可以看出，主要还是用的render_path() 函数，但给的参数和上面不同，后面我们再具体了解这个函数。

render _only

首先，这个参数，要在运行命令中加， --render_only

    if args.render_only:
        print('RENDER ONLY')
        with torch.no_grad():
            if args.render_test:
                # render_test switches to test poses
                images = images[i_test]
            else:
                # Default is smoother render_poses path
                images = None

            testsavedir = os.path.join(basedir, expname, 'renderonly_{}_{:06d}'.format('test' if args.render_test else 'path', start))
            os.makedirs(testsavedir, exist_ok=True)
            print('test poses shape', render_poses.shape)

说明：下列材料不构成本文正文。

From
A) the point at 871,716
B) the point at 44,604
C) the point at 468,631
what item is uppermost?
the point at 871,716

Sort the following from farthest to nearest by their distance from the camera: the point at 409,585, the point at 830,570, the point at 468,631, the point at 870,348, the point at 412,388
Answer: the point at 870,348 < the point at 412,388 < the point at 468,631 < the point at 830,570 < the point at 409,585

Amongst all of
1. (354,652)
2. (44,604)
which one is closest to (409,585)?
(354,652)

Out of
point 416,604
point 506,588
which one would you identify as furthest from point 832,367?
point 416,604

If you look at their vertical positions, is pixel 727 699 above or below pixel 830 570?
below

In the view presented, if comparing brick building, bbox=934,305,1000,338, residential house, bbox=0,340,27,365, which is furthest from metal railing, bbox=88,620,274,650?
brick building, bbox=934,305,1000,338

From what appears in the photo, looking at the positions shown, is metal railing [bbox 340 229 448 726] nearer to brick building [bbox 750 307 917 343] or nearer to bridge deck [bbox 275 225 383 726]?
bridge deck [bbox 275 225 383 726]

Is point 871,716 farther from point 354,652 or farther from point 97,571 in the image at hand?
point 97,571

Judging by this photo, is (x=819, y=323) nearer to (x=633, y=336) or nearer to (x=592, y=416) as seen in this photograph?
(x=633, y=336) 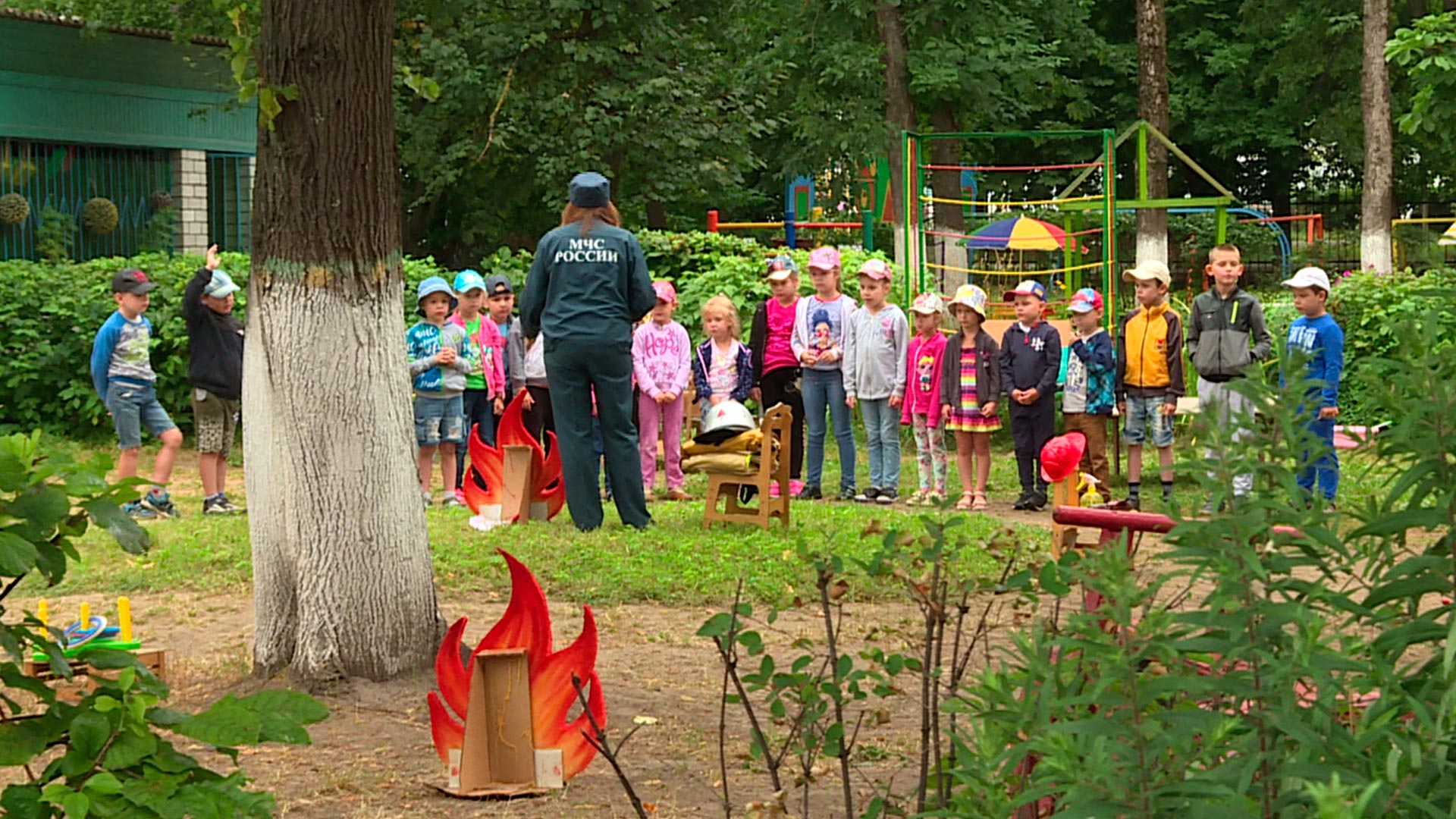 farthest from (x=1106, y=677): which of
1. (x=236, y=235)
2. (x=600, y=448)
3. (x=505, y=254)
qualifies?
(x=236, y=235)

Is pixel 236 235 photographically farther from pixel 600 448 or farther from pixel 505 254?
pixel 600 448

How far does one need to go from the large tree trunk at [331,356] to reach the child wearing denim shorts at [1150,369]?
701 centimetres

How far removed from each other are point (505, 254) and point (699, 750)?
40.3 feet

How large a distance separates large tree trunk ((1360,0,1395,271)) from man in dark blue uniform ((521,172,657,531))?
17.8 meters

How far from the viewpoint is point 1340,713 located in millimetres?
2299

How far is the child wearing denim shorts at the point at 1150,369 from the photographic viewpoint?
40.0 feet

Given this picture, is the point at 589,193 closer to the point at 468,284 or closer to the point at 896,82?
the point at 468,284

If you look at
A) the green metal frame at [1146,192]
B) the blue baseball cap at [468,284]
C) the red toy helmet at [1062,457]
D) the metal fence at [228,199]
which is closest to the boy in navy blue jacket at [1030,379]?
the red toy helmet at [1062,457]

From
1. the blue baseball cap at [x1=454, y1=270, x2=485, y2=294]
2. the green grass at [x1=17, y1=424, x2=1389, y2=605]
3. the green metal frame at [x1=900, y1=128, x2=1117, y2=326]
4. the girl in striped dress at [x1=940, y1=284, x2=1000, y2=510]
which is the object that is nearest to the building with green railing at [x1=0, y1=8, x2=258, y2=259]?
the green metal frame at [x1=900, y1=128, x2=1117, y2=326]

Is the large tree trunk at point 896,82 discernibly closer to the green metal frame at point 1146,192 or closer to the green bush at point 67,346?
the green metal frame at point 1146,192

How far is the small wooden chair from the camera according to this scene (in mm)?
10180

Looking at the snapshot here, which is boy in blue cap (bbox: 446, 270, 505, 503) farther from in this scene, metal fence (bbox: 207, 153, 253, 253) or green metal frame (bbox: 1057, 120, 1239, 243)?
metal fence (bbox: 207, 153, 253, 253)

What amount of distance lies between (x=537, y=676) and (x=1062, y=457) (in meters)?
4.73

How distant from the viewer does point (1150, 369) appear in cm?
1227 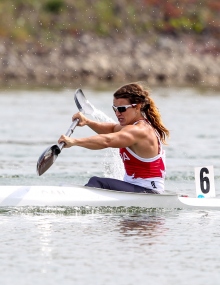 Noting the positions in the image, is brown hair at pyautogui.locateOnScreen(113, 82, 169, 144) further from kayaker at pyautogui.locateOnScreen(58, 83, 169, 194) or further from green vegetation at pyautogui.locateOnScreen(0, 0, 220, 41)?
green vegetation at pyautogui.locateOnScreen(0, 0, 220, 41)

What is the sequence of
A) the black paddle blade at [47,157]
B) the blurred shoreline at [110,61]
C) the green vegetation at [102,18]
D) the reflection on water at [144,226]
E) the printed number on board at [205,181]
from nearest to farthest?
the reflection on water at [144,226] < the black paddle blade at [47,157] < the printed number on board at [205,181] < the blurred shoreline at [110,61] < the green vegetation at [102,18]

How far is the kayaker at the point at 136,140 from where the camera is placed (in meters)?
11.5

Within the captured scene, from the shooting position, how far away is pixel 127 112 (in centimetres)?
1175

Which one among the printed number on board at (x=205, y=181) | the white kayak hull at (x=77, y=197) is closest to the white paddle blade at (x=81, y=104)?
the white kayak hull at (x=77, y=197)

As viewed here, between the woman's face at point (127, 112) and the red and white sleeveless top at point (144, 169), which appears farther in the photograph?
the red and white sleeveless top at point (144, 169)

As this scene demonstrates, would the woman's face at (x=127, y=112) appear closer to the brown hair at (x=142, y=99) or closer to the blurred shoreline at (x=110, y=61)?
the brown hair at (x=142, y=99)

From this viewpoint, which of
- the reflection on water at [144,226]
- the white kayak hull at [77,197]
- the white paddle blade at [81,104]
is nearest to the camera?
the reflection on water at [144,226]

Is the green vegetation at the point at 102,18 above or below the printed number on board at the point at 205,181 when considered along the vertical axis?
above

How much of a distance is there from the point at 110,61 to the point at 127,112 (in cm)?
4199

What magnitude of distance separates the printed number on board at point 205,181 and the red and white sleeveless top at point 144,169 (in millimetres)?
453

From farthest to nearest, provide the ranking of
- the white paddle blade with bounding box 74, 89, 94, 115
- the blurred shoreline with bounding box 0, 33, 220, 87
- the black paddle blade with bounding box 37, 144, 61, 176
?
the blurred shoreline with bounding box 0, 33, 220, 87, the white paddle blade with bounding box 74, 89, 94, 115, the black paddle blade with bounding box 37, 144, 61, 176

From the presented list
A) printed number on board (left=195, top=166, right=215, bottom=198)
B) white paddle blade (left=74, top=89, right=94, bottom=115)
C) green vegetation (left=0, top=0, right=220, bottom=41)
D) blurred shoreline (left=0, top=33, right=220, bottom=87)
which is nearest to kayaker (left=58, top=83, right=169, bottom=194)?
printed number on board (left=195, top=166, right=215, bottom=198)

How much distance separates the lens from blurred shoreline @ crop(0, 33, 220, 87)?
50.6m

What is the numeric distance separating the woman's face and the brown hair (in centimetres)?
5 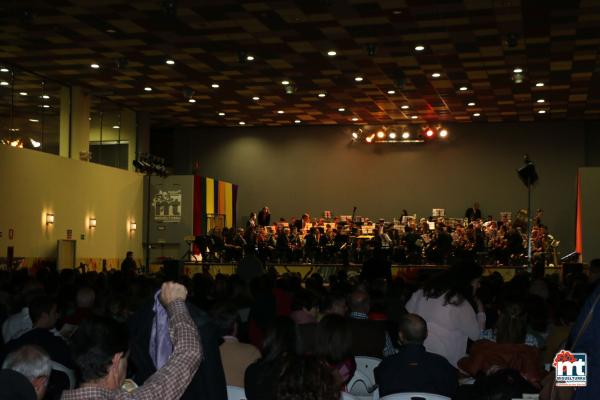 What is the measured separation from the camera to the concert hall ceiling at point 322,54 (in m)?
14.9

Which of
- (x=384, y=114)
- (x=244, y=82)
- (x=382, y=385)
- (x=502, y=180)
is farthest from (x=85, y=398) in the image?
(x=502, y=180)

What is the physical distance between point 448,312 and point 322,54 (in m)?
12.6

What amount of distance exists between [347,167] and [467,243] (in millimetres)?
7039

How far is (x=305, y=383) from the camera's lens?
2.58m

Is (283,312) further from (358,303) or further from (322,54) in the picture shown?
(322,54)

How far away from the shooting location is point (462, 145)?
2712 cm

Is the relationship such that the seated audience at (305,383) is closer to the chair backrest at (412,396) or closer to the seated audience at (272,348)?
the seated audience at (272,348)

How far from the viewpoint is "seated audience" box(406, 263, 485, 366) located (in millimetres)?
6078

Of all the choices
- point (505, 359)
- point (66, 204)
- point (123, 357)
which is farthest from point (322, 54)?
point (123, 357)

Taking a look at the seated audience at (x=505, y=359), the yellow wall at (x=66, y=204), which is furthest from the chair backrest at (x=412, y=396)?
the yellow wall at (x=66, y=204)

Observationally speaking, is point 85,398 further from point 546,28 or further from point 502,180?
point 502,180

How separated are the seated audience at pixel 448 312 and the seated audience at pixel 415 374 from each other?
3.35 feet

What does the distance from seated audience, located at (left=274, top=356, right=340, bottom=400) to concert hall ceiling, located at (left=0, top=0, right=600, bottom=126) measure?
12.1 metres

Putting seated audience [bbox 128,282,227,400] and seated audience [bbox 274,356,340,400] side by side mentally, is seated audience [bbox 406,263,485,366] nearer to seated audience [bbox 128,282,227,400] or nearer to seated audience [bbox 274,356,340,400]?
seated audience [bbox 128,282,227,400] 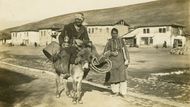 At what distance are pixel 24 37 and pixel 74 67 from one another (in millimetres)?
491

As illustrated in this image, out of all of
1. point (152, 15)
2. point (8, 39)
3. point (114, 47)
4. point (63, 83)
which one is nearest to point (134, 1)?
point (152, 15)

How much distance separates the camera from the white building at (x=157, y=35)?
10.3 feet

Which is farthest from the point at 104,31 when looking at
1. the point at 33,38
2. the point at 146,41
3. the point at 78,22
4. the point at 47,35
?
the point at 33,38

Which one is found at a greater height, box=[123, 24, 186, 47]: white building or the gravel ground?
box=[123, 24, 186, 47]: white building

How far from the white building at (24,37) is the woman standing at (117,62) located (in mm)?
572

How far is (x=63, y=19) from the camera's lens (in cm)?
332

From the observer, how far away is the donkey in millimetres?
3219

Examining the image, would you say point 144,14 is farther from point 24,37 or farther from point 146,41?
point 24,37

            rgbs, _ = render_path(render_poses, hwf, K, args.chunk, render_kwargs_test, gt_imgs=images, savedir=testsavedir, render_factor=args.render_factor)
            print('Done rendering', testsavedir)
            imageio.mimwrite(os.path.join(testsavedir, 'video.mp4'), to8b(rgbs), fps=30, quality=8)

            return

这种情况下，还需要判断是否render_test, 也就是是否指定render的对象。如果是，images 就是所有的测试样本，否则渲染的是一个路径。

通过

rgbs, _ = render_path(render_poses, hwf, K, args.chunk, render_kwargs_test, gt_imgs=images, savedir=testsavedir, render_factor=args.render_factor)

返回的rgb

然后通过imageio.mimwrite(os.path.join(testsavedir, 'video.mp4'), to8b(rgbs), fps=30, quality=8)转为视频。

至此，这个train（） 函数就完结了。

下面我们需要以此了解train() 中调用的几个重要函数。

run_nerf.py `create_nerf()`

函数调用方法render_kwargs_train, render_kwargs_test, start, grad_vars, optimizer = create_nerf(args) 。
Instantiate NeRF’s MLP model.

embed_fn, input_ch = get_embedder(args.multires, args.i_embed) 现在对于一头雾水，先做记录。 input_ch = 63 ， embed_fn 是一个函数，声明为embed = lambda x, eo=embedder_obj : eo.embed(x)

model = NeRF(D=args.netdepth, W=args.netwidth, input_ch=input_ch, output_ch=output_ch, skips=skips, input_ch_views=input_ch_views, use_viewdirs=args.use_viewdirs).to(device)

构建模型。解读模型的内部结构可以更清楚的知道参数的含义。

grad_vars = list(model.parameters()) 可以理解为模型的梯度变量。类型为list

if args.N_importance > 0:                                                                      
    model_fine = NeRF(D=args.netdepth_fine, W=args.netwidth_fine,                              
                      input_ch=input_ch, output_ch=output_ch, skips=skips,                     
                      input_ch_views=input_ch_views, use_viewdirs=args.use_viewdirs).to(device)
   grad_vars += list(model_fine.parameters())

N_importence>0 的时候，表示需要fine network ，所以这里就创建了一个model_fine. 与前面创建的model不同的是，给出D 和W 不同。在config给的默认值里面，二者都是 8×256.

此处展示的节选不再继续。